Aquel infierno no fue el único infierno que Mew tuvo que vivir.
Rememorar aquella escena me carcome por dentro. Y soy capaz de imaginar que a Mew lo carcome todavía más.
Tenía mi vista fija en aquella mujer que conocía desde pequeño, parada allí frente a nosotros bajo la lluvia, y no lo podía creer.
Por un segundo creí que estaba llorando. Me hubiese dado más consuelo el que estuviese llorando, pero dolorosamente entendí que su rostro sólo estaba mojado por las pequeñas gotas que caían.
Por más que aquellas facciones suyas me resultaban muy familiares, en muchos aspectos eran idénticas a Mew, sentí que nunca la había conocido realmente.
La madre de Mew no volteó a ver a su hijo en ningún momento. Hablaba con mi padre, en la vereda, frente a su casa, como si Mew y yo no estuviésemos allí.
–¿Cómo puedes darle la espalda a tu propio hijo?– escuché a mi padre decir.
–¡Esto...no es mi hijo!– respondió señalando altaneramente a Mew, pero sin mirarlo– Mi hijo se murió el día que escribió esa blasfemia en el pizarrón de su salón. El Diablo lo poseyó. Yo sólo intenté salvarlo.
Mew se apretó instintivamente en mi pecho y lo abrazé con toda la fuerza con la que fui capaz.
–Al menos permite que se lleve sus cosas...–insistió mi padre.
–¡Las quemé!
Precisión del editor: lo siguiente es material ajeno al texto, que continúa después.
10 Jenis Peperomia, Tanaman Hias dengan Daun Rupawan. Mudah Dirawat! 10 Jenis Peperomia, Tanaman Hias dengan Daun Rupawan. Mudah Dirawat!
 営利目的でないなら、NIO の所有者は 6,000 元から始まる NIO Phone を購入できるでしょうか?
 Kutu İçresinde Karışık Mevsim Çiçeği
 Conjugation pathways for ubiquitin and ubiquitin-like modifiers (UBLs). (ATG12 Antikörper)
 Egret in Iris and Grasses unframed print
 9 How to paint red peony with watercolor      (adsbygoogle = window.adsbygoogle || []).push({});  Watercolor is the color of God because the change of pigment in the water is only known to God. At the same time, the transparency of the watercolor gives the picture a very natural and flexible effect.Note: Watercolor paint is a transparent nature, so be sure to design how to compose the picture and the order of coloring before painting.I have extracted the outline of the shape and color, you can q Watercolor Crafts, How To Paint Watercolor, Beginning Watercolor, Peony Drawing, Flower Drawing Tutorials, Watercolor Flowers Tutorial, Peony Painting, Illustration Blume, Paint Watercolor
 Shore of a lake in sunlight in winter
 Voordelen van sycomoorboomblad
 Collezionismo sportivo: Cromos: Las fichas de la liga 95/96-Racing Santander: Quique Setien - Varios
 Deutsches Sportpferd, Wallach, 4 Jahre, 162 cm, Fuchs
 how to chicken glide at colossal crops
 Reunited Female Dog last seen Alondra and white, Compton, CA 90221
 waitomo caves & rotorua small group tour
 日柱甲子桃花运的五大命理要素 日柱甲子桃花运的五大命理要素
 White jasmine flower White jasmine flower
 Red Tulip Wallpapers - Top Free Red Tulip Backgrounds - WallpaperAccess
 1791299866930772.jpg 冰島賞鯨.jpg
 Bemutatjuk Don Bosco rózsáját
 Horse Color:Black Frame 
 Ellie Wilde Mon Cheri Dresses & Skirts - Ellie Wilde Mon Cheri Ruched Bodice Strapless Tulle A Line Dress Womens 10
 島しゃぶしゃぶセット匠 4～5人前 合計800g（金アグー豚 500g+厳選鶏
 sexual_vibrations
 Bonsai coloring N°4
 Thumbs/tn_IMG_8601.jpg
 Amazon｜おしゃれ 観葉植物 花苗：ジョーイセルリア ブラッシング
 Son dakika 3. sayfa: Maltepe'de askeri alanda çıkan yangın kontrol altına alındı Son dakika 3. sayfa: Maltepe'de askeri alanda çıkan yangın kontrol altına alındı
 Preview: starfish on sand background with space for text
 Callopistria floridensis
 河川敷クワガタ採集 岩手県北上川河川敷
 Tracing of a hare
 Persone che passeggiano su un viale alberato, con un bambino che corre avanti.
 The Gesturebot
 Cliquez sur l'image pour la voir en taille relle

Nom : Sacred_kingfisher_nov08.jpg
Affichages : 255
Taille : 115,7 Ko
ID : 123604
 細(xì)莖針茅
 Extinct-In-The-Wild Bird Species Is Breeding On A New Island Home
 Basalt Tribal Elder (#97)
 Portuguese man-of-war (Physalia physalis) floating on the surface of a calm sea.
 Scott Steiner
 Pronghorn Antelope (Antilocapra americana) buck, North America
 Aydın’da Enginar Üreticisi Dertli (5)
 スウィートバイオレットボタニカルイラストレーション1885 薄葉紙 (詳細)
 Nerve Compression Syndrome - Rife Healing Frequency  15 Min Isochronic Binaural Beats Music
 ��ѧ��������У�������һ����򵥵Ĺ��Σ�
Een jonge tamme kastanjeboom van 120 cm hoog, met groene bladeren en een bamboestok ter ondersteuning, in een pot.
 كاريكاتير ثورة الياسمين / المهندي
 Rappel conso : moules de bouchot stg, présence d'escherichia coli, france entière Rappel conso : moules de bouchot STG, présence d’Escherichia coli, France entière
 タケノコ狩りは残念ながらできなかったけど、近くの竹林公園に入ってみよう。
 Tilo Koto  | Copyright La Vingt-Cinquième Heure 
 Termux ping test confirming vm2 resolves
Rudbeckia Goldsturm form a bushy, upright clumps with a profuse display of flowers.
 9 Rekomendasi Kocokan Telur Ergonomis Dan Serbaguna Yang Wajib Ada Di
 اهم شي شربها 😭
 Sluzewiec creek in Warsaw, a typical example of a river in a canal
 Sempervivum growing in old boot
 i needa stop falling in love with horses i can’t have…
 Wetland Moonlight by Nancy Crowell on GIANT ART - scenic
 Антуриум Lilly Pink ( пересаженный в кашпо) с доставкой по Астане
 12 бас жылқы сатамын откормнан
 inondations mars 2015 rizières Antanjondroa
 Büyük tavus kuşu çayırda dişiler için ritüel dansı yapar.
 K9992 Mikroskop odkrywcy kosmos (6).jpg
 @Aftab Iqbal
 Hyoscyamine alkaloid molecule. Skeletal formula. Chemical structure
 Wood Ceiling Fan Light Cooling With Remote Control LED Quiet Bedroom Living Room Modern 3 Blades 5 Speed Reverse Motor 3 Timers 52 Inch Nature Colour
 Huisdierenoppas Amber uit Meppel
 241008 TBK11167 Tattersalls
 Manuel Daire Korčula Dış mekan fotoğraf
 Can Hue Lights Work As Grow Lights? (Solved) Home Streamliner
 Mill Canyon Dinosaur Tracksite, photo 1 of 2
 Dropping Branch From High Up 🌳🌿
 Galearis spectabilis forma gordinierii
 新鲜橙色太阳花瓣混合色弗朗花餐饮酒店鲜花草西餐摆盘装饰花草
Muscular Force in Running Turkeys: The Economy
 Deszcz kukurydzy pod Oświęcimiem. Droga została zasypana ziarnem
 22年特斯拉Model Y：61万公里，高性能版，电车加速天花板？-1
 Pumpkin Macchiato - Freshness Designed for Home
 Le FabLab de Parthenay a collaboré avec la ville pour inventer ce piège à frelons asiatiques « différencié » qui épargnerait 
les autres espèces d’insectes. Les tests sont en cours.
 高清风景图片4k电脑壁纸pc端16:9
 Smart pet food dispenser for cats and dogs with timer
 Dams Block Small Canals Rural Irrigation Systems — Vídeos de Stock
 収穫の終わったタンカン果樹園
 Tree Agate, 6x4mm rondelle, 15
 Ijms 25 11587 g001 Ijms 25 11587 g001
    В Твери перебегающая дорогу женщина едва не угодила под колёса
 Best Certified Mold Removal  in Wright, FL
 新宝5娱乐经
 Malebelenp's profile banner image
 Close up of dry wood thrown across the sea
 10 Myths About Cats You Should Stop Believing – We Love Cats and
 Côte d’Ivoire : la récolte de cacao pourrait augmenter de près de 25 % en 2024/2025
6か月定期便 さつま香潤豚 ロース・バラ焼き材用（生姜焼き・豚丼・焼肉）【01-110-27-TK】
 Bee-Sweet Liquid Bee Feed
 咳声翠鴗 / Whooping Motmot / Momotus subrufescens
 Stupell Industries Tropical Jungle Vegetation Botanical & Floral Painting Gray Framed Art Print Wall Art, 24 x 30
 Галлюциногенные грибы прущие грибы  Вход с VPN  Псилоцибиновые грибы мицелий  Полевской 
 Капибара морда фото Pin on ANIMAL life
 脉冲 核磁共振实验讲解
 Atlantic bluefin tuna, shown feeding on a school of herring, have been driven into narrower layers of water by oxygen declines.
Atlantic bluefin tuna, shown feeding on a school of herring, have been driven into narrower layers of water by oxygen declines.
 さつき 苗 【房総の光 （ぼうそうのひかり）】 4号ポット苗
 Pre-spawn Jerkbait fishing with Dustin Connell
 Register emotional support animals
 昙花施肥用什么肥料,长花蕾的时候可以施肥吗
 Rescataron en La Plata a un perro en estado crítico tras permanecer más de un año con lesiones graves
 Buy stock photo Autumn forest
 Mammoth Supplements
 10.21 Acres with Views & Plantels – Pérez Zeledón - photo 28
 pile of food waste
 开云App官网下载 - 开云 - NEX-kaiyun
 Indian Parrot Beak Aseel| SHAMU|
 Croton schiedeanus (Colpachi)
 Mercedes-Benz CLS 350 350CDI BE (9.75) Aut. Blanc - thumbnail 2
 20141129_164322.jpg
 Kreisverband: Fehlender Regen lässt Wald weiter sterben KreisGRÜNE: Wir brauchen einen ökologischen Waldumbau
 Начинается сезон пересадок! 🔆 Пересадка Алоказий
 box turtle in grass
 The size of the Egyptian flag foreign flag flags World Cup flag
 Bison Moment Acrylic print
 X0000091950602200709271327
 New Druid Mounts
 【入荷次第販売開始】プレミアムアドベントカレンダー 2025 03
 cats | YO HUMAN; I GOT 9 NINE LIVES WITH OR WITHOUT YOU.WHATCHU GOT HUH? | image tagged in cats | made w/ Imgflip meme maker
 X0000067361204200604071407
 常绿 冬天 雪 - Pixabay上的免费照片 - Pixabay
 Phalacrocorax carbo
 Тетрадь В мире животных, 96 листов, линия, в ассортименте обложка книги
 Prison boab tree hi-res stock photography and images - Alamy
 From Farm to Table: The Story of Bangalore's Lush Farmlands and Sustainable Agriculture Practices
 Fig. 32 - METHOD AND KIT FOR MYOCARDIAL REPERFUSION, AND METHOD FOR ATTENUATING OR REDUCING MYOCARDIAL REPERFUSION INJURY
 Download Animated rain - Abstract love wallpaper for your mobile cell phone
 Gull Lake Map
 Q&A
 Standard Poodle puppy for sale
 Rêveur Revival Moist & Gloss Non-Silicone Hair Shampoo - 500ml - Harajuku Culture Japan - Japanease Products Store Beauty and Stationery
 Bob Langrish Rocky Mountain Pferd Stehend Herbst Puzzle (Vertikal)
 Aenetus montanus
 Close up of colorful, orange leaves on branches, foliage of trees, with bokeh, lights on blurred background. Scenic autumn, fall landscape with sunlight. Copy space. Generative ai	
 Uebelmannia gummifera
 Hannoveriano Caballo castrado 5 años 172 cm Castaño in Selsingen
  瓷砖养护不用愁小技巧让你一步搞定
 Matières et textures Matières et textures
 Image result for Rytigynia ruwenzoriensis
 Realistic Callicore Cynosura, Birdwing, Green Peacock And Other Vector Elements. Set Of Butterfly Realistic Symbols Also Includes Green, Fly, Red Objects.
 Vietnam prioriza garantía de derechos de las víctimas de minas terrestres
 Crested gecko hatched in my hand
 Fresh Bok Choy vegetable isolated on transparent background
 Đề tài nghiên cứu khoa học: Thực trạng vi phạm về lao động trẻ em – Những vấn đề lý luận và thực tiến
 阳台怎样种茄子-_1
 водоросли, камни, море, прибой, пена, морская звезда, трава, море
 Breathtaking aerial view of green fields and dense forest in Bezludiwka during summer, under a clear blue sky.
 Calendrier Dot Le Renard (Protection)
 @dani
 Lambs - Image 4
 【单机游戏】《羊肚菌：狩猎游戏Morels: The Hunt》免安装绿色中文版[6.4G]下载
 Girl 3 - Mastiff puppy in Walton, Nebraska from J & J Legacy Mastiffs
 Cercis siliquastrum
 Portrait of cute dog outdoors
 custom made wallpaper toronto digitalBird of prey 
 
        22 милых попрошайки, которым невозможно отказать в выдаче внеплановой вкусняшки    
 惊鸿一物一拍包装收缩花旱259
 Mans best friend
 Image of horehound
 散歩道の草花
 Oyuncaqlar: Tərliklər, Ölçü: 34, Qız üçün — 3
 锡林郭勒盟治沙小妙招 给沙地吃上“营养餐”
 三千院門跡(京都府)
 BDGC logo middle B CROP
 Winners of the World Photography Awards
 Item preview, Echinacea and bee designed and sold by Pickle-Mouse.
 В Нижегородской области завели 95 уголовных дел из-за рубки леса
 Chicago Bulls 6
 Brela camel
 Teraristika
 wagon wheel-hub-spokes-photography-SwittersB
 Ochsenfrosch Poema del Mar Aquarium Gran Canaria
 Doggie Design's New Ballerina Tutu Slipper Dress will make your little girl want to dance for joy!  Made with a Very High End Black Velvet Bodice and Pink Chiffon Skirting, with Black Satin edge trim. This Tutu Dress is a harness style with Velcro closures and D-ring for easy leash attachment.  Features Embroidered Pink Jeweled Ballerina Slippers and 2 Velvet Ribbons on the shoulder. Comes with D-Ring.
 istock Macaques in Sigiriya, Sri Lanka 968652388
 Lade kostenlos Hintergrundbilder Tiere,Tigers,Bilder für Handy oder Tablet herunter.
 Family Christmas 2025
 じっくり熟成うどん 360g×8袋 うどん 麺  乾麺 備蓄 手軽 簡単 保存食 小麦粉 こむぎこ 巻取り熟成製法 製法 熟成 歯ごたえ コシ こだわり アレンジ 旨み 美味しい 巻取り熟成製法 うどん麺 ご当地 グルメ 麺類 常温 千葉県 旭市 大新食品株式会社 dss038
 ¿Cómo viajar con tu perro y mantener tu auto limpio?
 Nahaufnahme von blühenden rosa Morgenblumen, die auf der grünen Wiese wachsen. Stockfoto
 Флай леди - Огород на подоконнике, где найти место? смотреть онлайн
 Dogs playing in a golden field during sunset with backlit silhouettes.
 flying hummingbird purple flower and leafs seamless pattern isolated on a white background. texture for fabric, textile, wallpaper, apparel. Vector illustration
No quiero tener nada que sea del Maligno en mi casa.
Mi padre suspiró frustrado. Me tomó del brazo, susurrándonos que era hora de irnos. Me aferré con más fuerza a Mew y lo hice caminar lentamente hasta nuestro auto.
–¡Reza!– la madre de Mew gritó de repente.
Ambos nos dimos vuelta. Ella miraba a Mew como si estuviera viendo a un extraño.
–Reza...y Dios te curará...
Me estremecí con aquel recuerdo. Y abrí los ojos.
Mew dormía entre mis brazos. Y verlo allí, a salvo, conmigo, después de saber lo cerca que había estado de perderlo, me estremeció aún más.
No sé cuánto tiempo pasé contemplándolo dormir. Y en todo ese tiempo no fui capaz de dejar de llorar.